In the run-up to June 23rd, polls had suggested the ‘remain’ camp would win, but narrowly lost out in the end as the populist ‘leave’ camp preyed on people’s fear about unbridled migration and taking back control from a bureaucratic Brussels. Scotland and Northern Ireland voted in favour, which casts doubt over the future unity of the country.
What has ensued is years of uncertainty for the UK and its neighbours – especially Ireland. Once the markets opened on Friday morning, it became clear that panic was gripping the international stage as the pound plummeted to its lowest in over 30 years and share prices falling sharply.
Early in the morning, UK Prime Minister David Cameron emerged from 10 Downing Street and announced he would be stepping down before the Conservative Party Conference in Birmingham at the beginning of October (2nd to 5). His successor remains unclear, but frontrunners include Home Secretary Theresa May, the former London Mayor Boris Johnson and Health Secretary Jeremy Hunt.
When the dust settled, the enormity of the UK’s decision began to sink in, but there were more questions than answers.
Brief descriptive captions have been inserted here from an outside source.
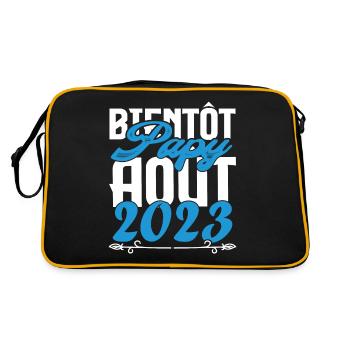 Annonce grossesse bientôt Papy Aout 2023. août. - Sac Retro - noir/or - Dos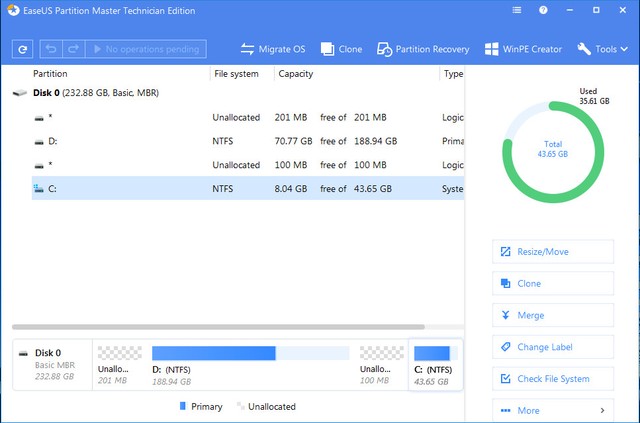 EaseUS Partition Master 13.5 Technician Edition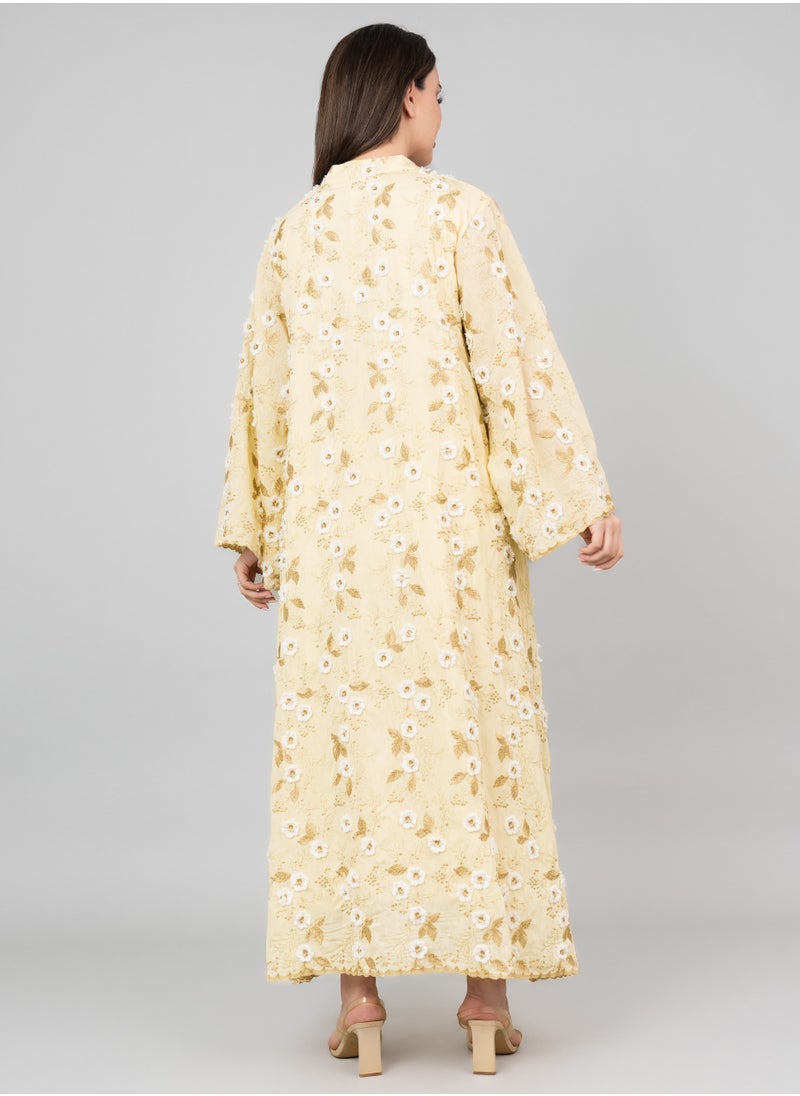 IKKXA Floral Aura Embroidered Jalabiya OMN05 Yellow  - Image 2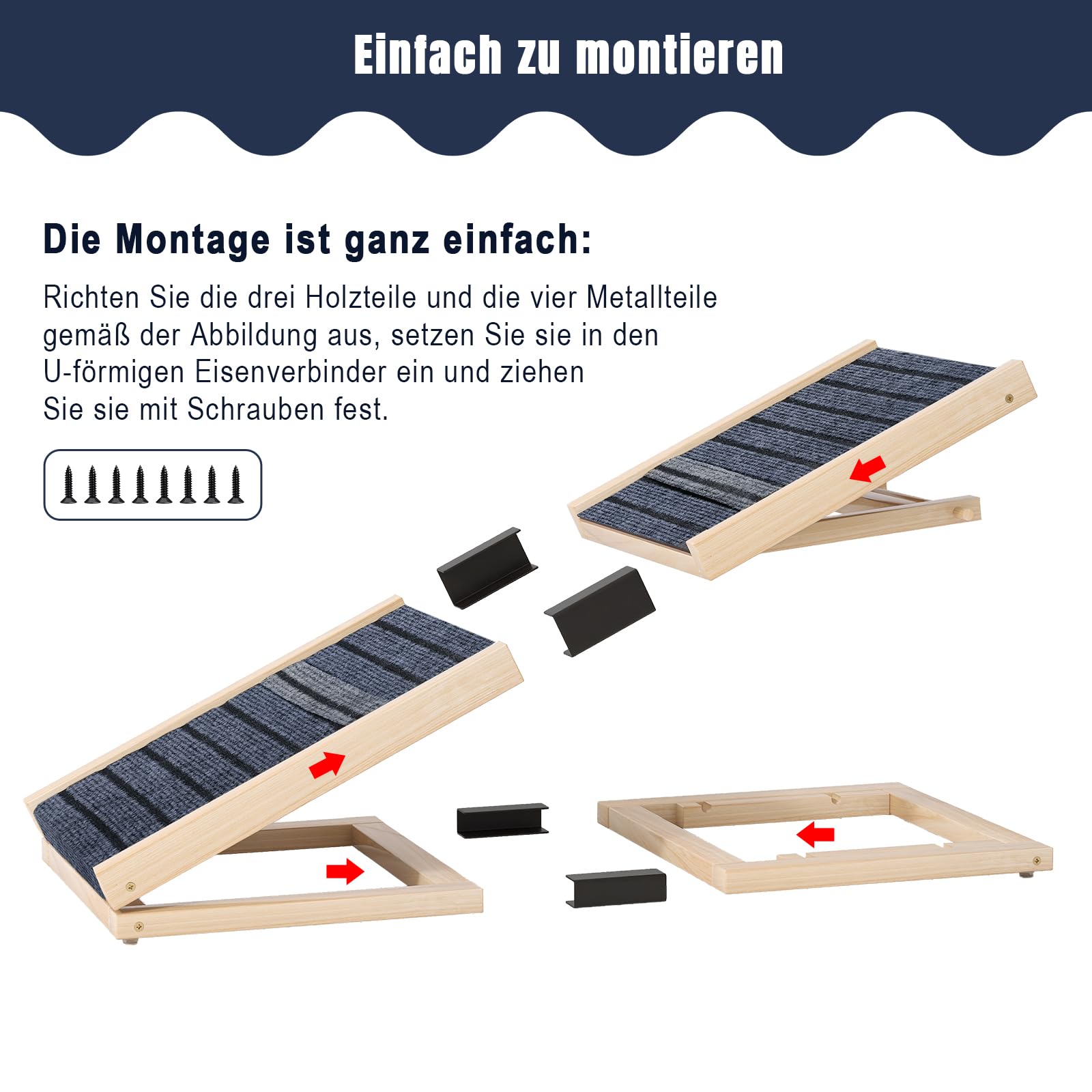 Hunderampe aus Holz – höhenverstellbar und klappbar für kleine und mittelgroße Hunde, rutschfest für Bett, Sofa und Auto, leicht und tragbar für Innen und Außen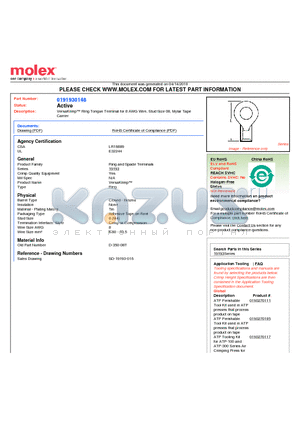 0191930148 datasheet - VersaKrimp Ring Tongue Terminal for 8 AWG Wire, Stud Size 08, Mylar TapeCarrier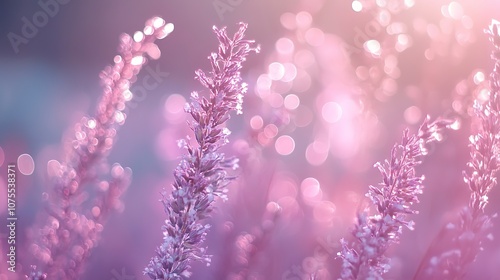 Soft and dreamy pastel pink and purple gradient with bokeh highlights, creating a magical and serene atmosphere.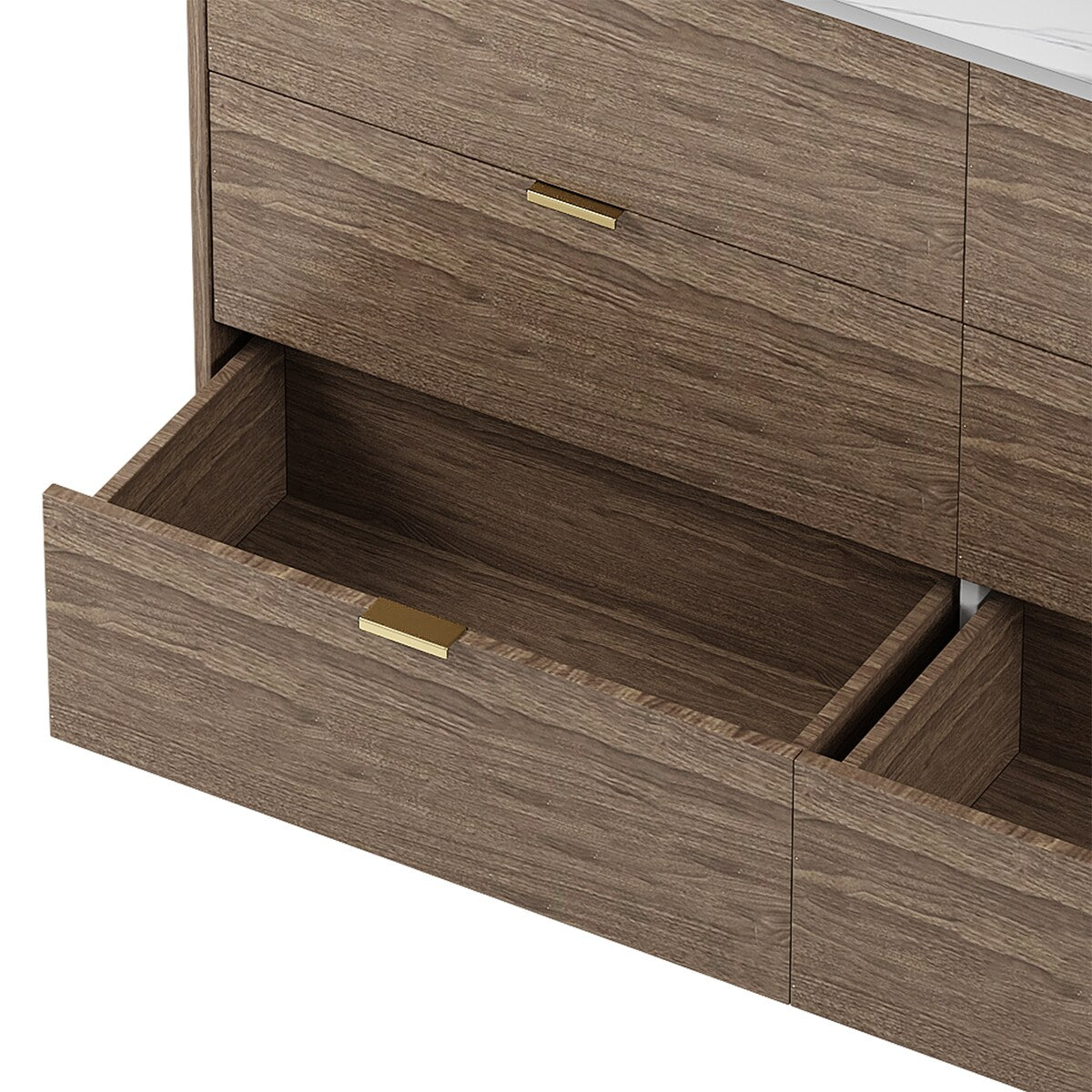3-Pieces Bedroom Sets, Queen Size Upholstered Platform Bed with 4 Drawers, Marble Top Nightstand and Storage Dresse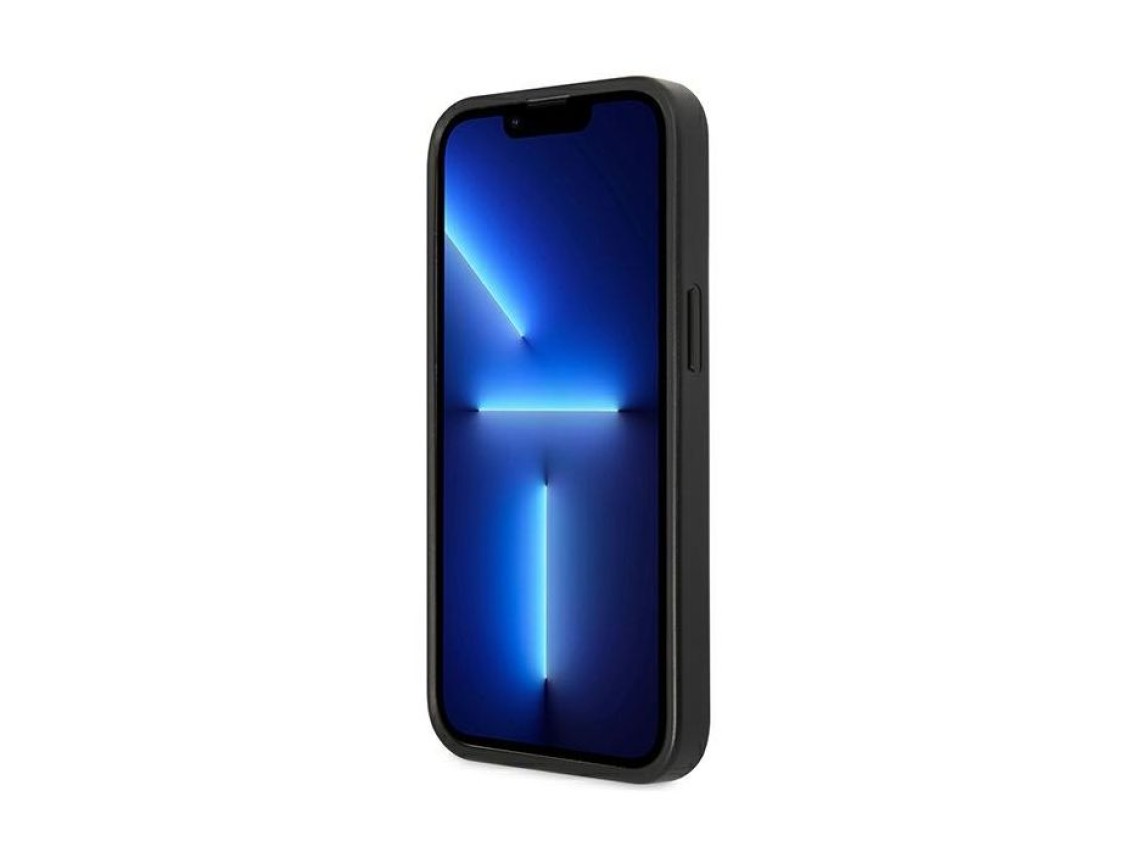 Capa Guess Saffiano com Logo Triangular e Compartimento para Cartões para iPhone 13 / 13 Pro - Preta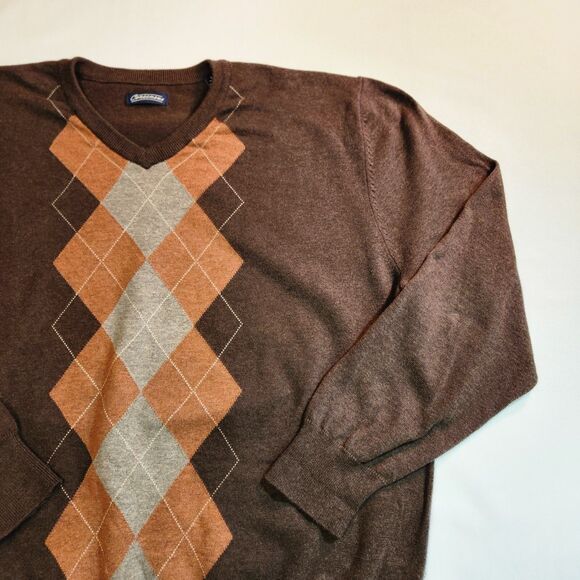 Consensus Sportswear Close-Knit Brown Argyle Pattern Sweater Size Large Mens - Picture 4 of 15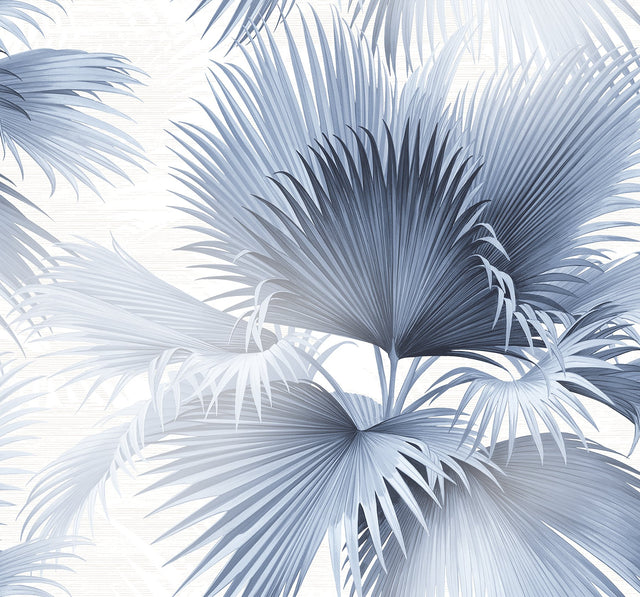 Summer Palm Blue Wallpaper with Tropical Leaf Pattern - A-Street Prints 2927-40102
After a somewhat turbulent love affair with Europe since it joined on January 1st, 1973 – along with Ireland and Denmark – the UK must now formally launch proceedings towards a legal separation.
Once the new Premier formally invokes Article 50 of the Lisbon Treaty before the European Council, the UK has two years to conduct exit negotiations and define the terms of the withdrawal process.
AS the Common Agricultural Policy has been set in stone since 2013, there will be no immediate impact on single farm payments destined for Irish farmers, which are secure until at least 2020.
It should be pointed out that farmers in the UK – many of whom receive hefty cheques in the post predominantly voted in favour of an exit - will continue to receive direct aid until the separation procedure is formalised (until at least 2019). After which time, there will be a review of the EU’s long-term spending and its farm policy, but this was already on the cards and is completely unrelated to the Brexit decision.
Without one of the bloc’s key contributors to the spending pot, the EU budget is likely to take a hit – but the impact on farm spending will only become clear by the end of the decade. As the UK is Ireland’s largest trading partner – with more than €1.2 billion of goods and services traded between both sides every week supporting 400,000 jobs on both islands – if the value of sterling falls, it will make Irish food exports to the UK less competitive and make British food exported to Ireland more competitive.
In terms of trade, Ireland’s agri-business will be the most vulnerable, with just over €5bn worth of farm produce – including €1.1bn of Irish beef and €1bn dairy products – exported to the UK last year. A recent Teagasc study suggests trade could drop by up to 8% or around €800 million per year.
Dr Kevin Hanrahan, a leading agricultural economist, said farmers will feel the aftershock of Brexit as early as the summer as cattle, milk and grain prices are set to fall. The outcome of negotiations on its ‘new relationship’ with the EU, particularly in terms of accessing the common market will be key, he added.